This study revealed a significantly higher total serum protein in the test subjects than in the control group. This corroborates the findings by Feldman et al [21] and Patil et al [22] who reported an elevated serum total protein and globulin fraction in HIV positive subjects compared with their HIV Negative counterparts. This high total protein probably reflects a generalized, polyclonal gammopathy, with increased antibody production, which is an attempt on the part of the immune system to compensate for cellular immunodeficiency. This increase in serum protein may also be that normally, the serum protein is increased when there is infection even in absence of malnutrition. This is as a result of antibody production to contain and prevent the spread of the infection. These antibodies which are mainly gamma-globulins will increase the serum total protein concentration. In the case of HIV-infection, the high serum total protein levels is normally attributed to tissue degeneration and breakdown. Subsequently, it has been suggested that factors such as infection, changes in vascular permeability and hydration status can affect circulating proteins, including total protein [23, 24]. Moreover, in wasting process such as HIV/AIDS, there is increased tissue protein breakdown. The catabolism of muscle tissue to provide protein for glucose production through gluconeogenesis is suspected to add to general high level of protein in the face of reduced albumin concentration in HIV/AIDS, since there is frequently the presence of loss of appetite and hence starvation in HIV/AIDS [25]. Two key forces were implicated in this regard – negative energy balance and the cellular effect of the virus and its opportunistic infections [26]. Finally, the dehydration that accompanies diarrhoea in HIV/AIDS especially in the tropics is also suspected to lead to increased total protein level in HIV/AIDS [27]. The low serum albumin levels in our study was in concurrence with the works of [28, 29] who reported that the base line level can be considered an independent predictor of mortality in HIV-1 infected women and can be used as an additional marker of HIV-1 disease progression since hypoalbuminaemia predicts progression of disease and mortality in patients with HIV/AIDS). Other mechanisms that may explain decrease in albumin levels HIV may include anorexia and acute renal dysfunction[30, 31].
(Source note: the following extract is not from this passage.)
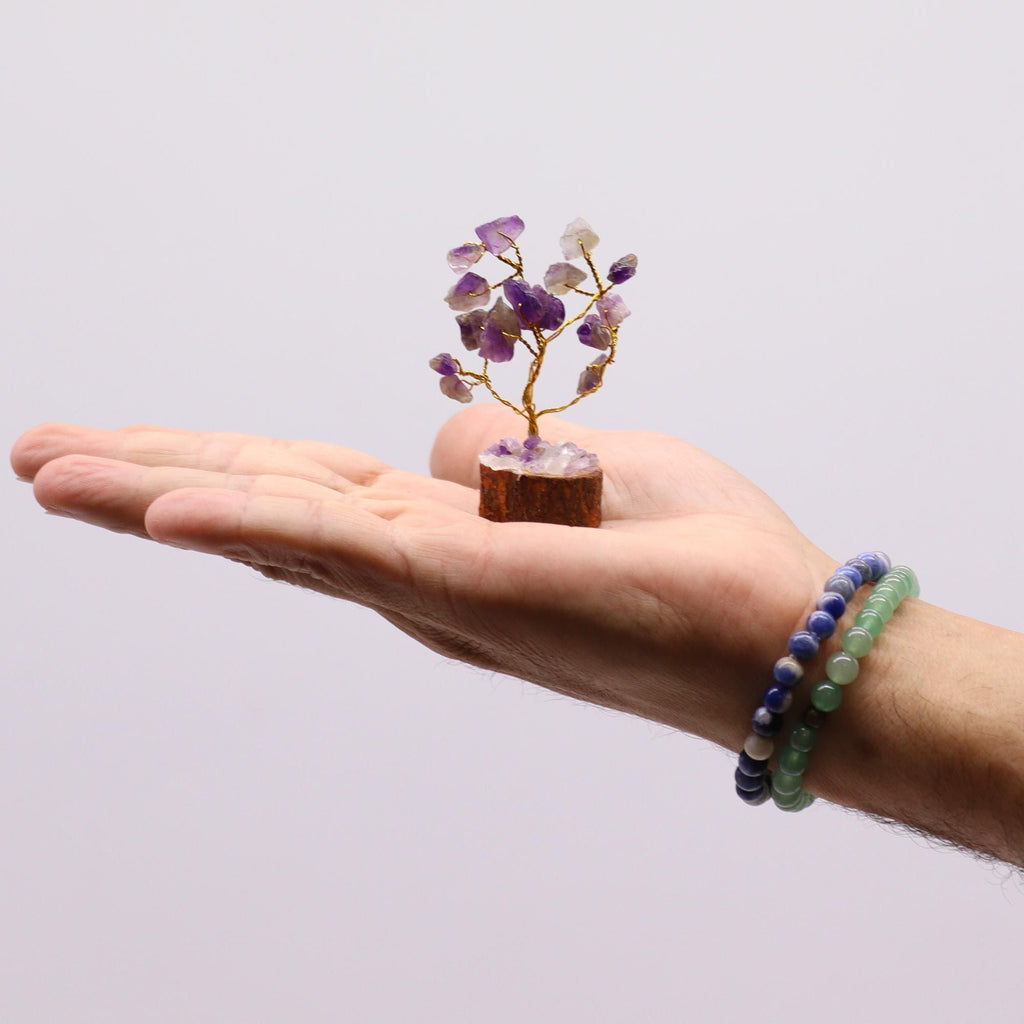 Mini Árboles de Piedras Preciosas ( 20 modelos )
There were significant increases of serum levels of urea and creatinine p<0.05 compared with their control counterparts in this study. This corroborates the work of Ani et al [32] who reported a subtle but significant increases in urea and creatinine levels, associated with HIV-infected patients on antiretroviral therapy (ART) and HIV-infected patients not on ART.
This study showed renal function impairments amongst the patients. This was consistent with findings reported from the Ethiopian study; which showed an increase in prevalence of renal impairment from 3.6% before antiretroviral drugs initiation to 11.7% after ART introduction [33, 34]. Other scholars also revealed that renal function impairment is a common complication of HIV infection in both the pre- and post-ART periods and is associated with increased risk of HIV disease progression, AIDS- and non-AIDS-related events, cardiovascular disease and mortality [35, 36]. There were other scholasr reported renal function improvement after initiation of ART [37, 12]. However, others have reported no significant improvement and/or progressive loss of renal function during follow-up [38].
This study however, did not cover the post ART period as most of the subjects were coming to the hospital for the first time unaware of their HIV status and were not even ready to enroll into the ART initiation programme due to ignorance and/or their rural origin. Sometimes, their residences were not accessible to health workers who would have even taken the ART medications to their domains.
CONCLUSION
In this study, the elevation of renal function parameters; urea, creatinine and total protein with the progressive decrease of the CD4+ T lymphocyte counts of the subjects and the sub groups, clearly indicate gradual renal function impairments during HIV progression. From the above results, we conclude that HIV progression to AIDS involves a multiple cellular events such as a progressive decline of CD4+ T lymphocyte count including impaired renal function amongst the subjects and sub-groups as evidenced in this study.
ACKNOWLEDGMENT
My gratitude goes to my Ph.D supervisor and my academic mentor, Prof E. O. Alumanah. I also thank Prof. Parker Joshua whose doggedness and unalloyed academic support propelled this work to its completion. Both are from , Biochemistry Department, Universiy of Nigeria, Nsukka, Nigeria..
REFERENCES
- WHO (2020). HIV,AIDS. http://www.who.int/news-room,fact-sheets/hiv-aids.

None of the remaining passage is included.